Crude oil prices could fall below $60 per barrel by December 2025, driven by sluggish global demand growth, ample non-OPEC supply, and potential easing of geopolitical tensions, according to the latest outlook released by S&P Global Commodity Insights. However, India is expected to remain a bright spot with continued robust oil consumption as its economic growth momentum sustains.
Key Highlights Of S&P Global’s Crude Oil Outlook
S&P Global’s projection signals a potential price decline of 25-30% from current Brent levels of ~$82 per barrel. Their analysis cites:
- Slowing Global Demand Growth: Macroeconomic deceleration in China and Europe and structural shifts to renewables are expected to curb incremental crude demand growth.
- Rising Non-OPEC Supply: The US, Brazil, and Guyana are set to add substantial supply volumes, offsetting OPEC+ production cuts.
- Geopolitical Risk Premium Easing: Tentative ceasefires in West Asia and easing Russia-Ukraine tensions could lower risk premiums baked into prices.

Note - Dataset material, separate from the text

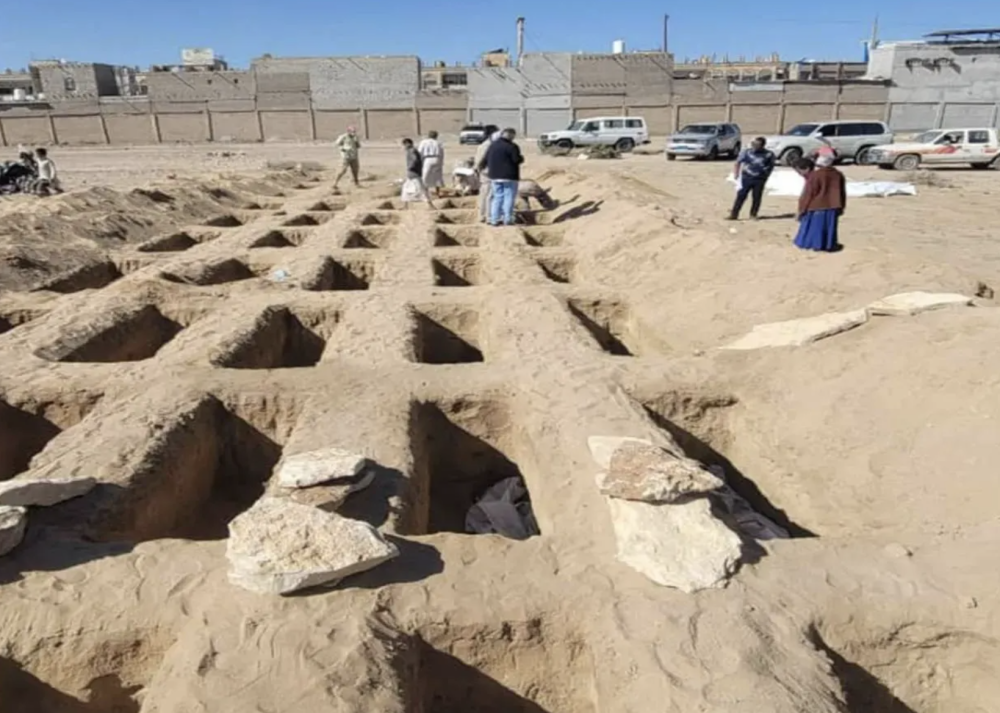 Yemen : Marib and Al-Jawf Appeals Prosecution Oversees Burial of 15 Unidentified Bodies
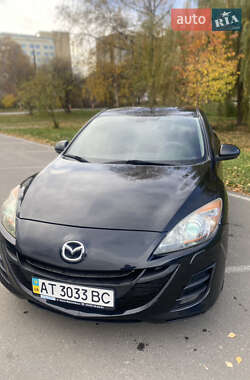 Седан Mazda 3 2011 в Ивано-Франковске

- Inventory Build-up: Higher inventory levels globally due to subdued refinery runs in China and seasonal factors will keep markets oversupplied.
Global Oil Market Dynamics: Snapshot
Parameter | June 2025 | December 2025 Forecast | Driver |
---|---|---|---|
Brent Crude Price ($/bbl) | 82 | <60 | Oversupply, weaker demand |
OPEC+ Production (mbpd) | 40.5 | 41 | Partial easing of cuts |
US Production (mbpd) | 13.2 | 13.4 | Shale additions |
Global Demand (mbpd) | 103 | 102.8 | Weak Asia ex-India growth |
Global Inventories (mb) | 4,250 | 4,350 | Build-up amid low runs |
India: The Outlier In Global Oil Demand
Despite bearish global market projections, India’s oil consumption is expected to grow by 5-6% year-on-year in FY26, driven by:
- Strong GDP Growth: S&P projects India’s economy to grow by 6.7% in FY26, boosting transportation and industrial fuel demand.

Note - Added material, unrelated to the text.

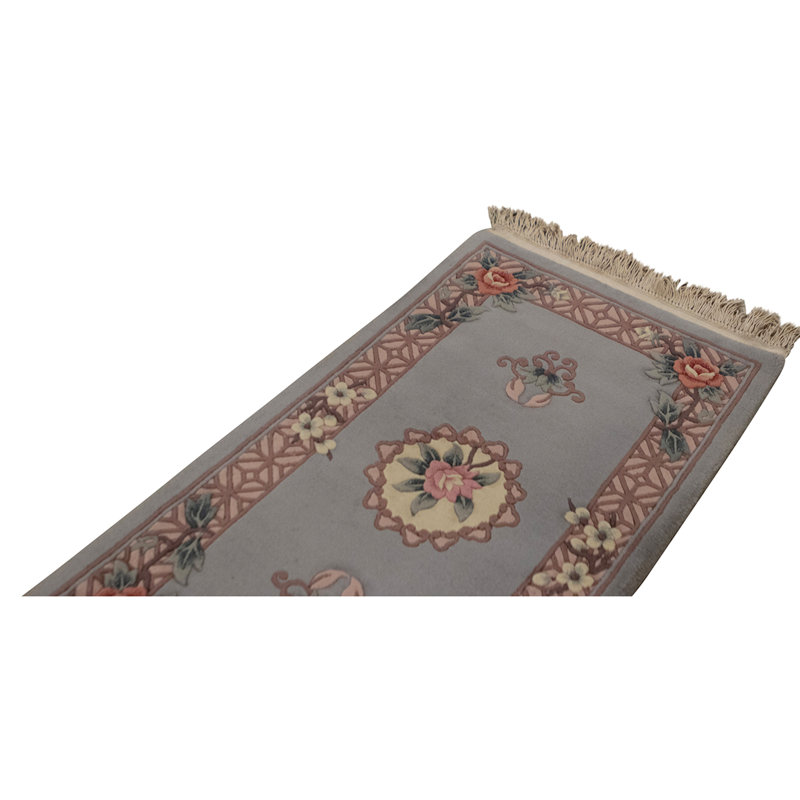 Area Rug in Gray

- Expanding Mobility: Vehicle ownership continues to rise, with over 20 million new two-wheelers and 5 million passenger vehicles expected to be sold in 2025.
- Industrial Activity: Growth in steel, cement, and chemical sectors will keep diesel, naphtha, and furnace oil consumption elevated.
- Low Per Capita Consumption: India’s per capita oil consumption remains below the global average, implying significant long-term headroom for demand growth.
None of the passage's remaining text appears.